_EXERCISE:_ Pictures aside, please retype the whole listing word for word.

_SUPPLIED MATERIAL:_
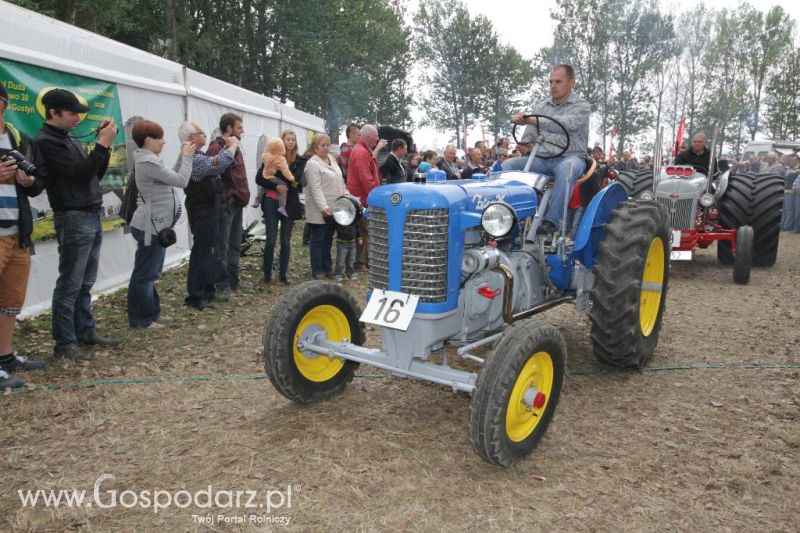 XIII Festiwal Starych Ciągników i Maszyn Rolniczych w Wilkowicach cz.2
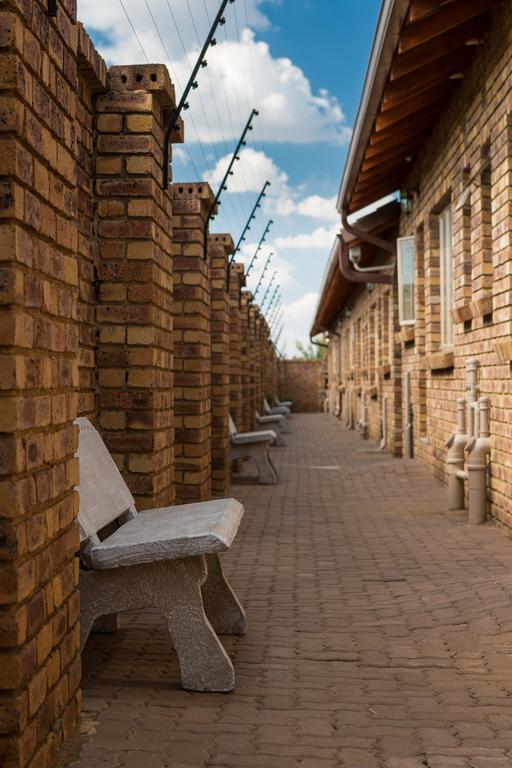 Rudman Townhouses - Or Tambo Airport ボックスバーグ エクステリア 写真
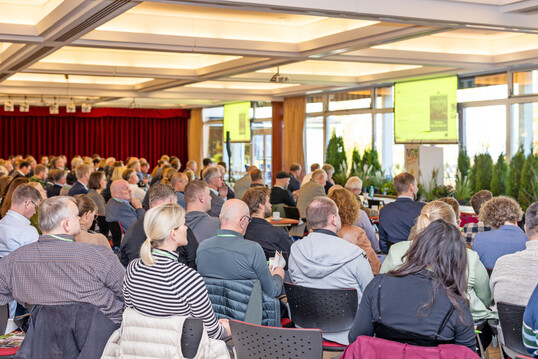 Am 6. November 2025 trafen sich gut 200 Vertreterinnen und Vertreter der Substrat- und Erdenindustrie in Bad Zwischenahn zum IVG Branchentag Erden & Substrate.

_ANSWER AREA:_
 XIII Festiwal Starych Ciągników i Maszyn Rolniczych w Wilkowicach cz.2
 Rudman Townhouses - Or Tambo Airport ボックスバーグ エクステリア 写真
 Am 6. November 2025 trafen sich gut 200 Vertreterinnen und Vertreter der Substrat- und Erdenindustrie in Bad Zwischenahn zum IVG Branchentag Erden & Substrate.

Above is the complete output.